Desde entonces, Orban se ha creado un perfil de Twitter, en inglés, y ha lanzado una supuesta consulta nacional sobre las "sanciones de Bruselas" contra Rusia. Y ahora este nuevo think tank.

"Lo que buscan es integrar sus puntos de vista y con ello influir en el debate europeo en una dirección soberanista y socioculturalmente conservadora, y buscar legitimidad incorporando a intelectuales considerados creíbles en Europa", ha dicho Vegh, del ECFR.

"Creo que está estratégicamente bien programado para las próximas elecciones europeas (en 2024), lo que le da suficiente margen de maniobra para consolidar su presencia.
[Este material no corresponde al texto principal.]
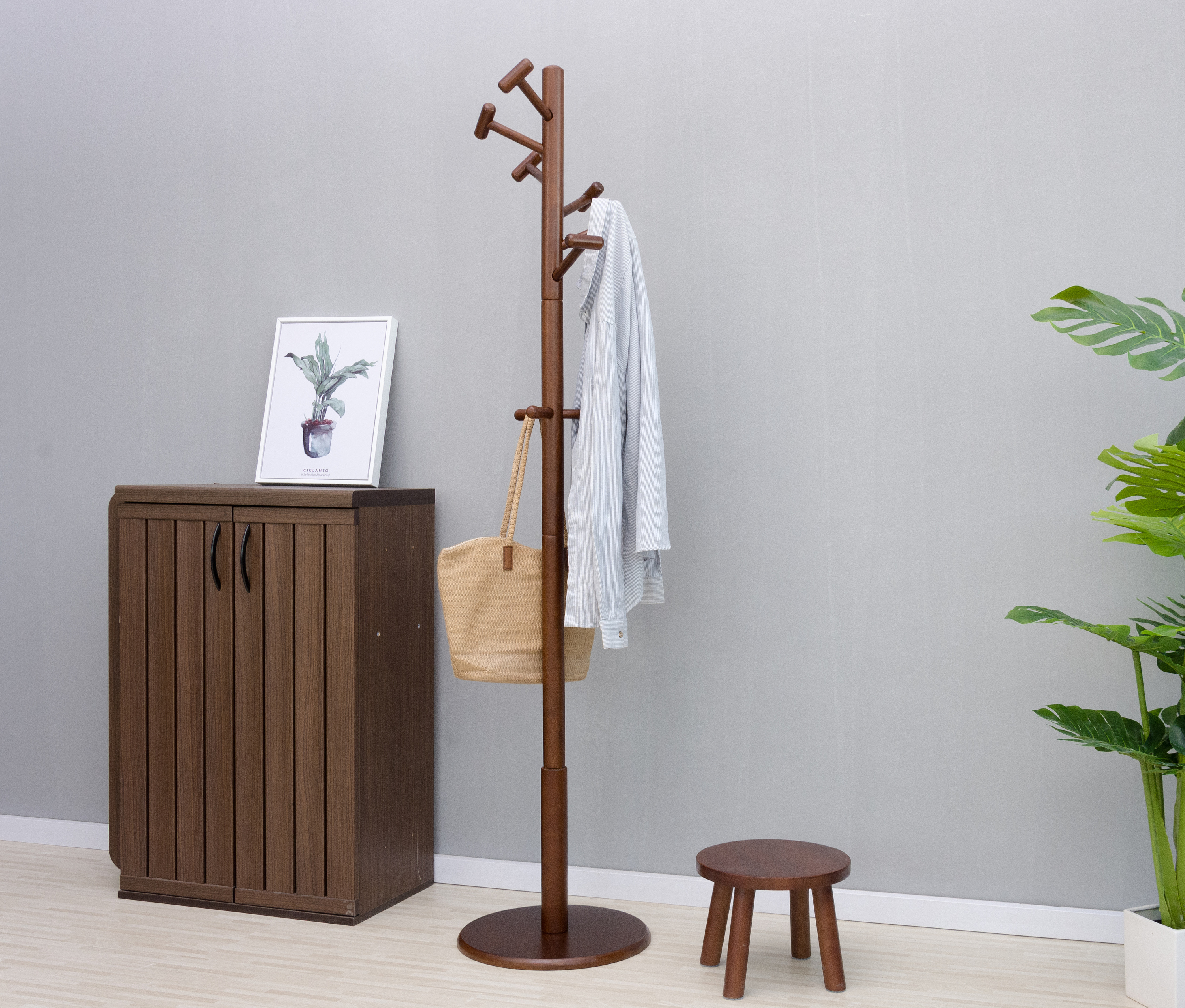 Welche Garderobe ist praktisch?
Y sí, a corto plazo, está claro que la Comisión sugiere sanciones financieras contra el gobierno húngaro, lo que da al gobierno un incentivo adicional para presentar su propia narrativa y tratar de dar forma al debate".

"Sólo es el principio"

Balázs Orbán rechaza este vínculo entre los fondos de la UE y la puesta en marcha de su centro de pensamiento.

"Si alguien piensa que los húngaros sólo tenemos un problema con Bruselas y que este único problema es el dinero, entonces es un malentendido. Tenemos muchos problemas con Bruselas: el dinero, la guerra, las sanciones, el acuerdo global de impuestos mínimos, la migración en general, la (identidad) de género, el poder judicial y el futuro de Europa, etc.", ha recordado.

Por el contrario, ha argumentado, el lanzamiento parte de una posición de fuerza: Viktor Orbán fue reelegido para su cuarto mandato consecutivo en abril, Italia eligió un gobierno de extrema derecha en septiembre, los republicanos en EE.UU. han arrebatado el control de la Cámara de Representantes a los demócratas y las relaciones con Polonia, dañadas por la posición de Hungría en la guerra de Rusia en Ucrania, están al parecer en vías de recuperación.

"Nuestra posición internacional respecto a Occidente es más segura que hace seis meses y creo que, como Europa se está hundiendo, los votantes buscarán alternativas políticas o convencerán a los llamados partidos políticos tradicionales para que cambien sus políticas".

"La actual mala gestión de la situación de crisis está apoyando las visiones alternativas sobre Europa y obviamente Hungría ofrece una visión alternativa para Europa".

MCC Bruselas, ha subrayado "es sólo el principio".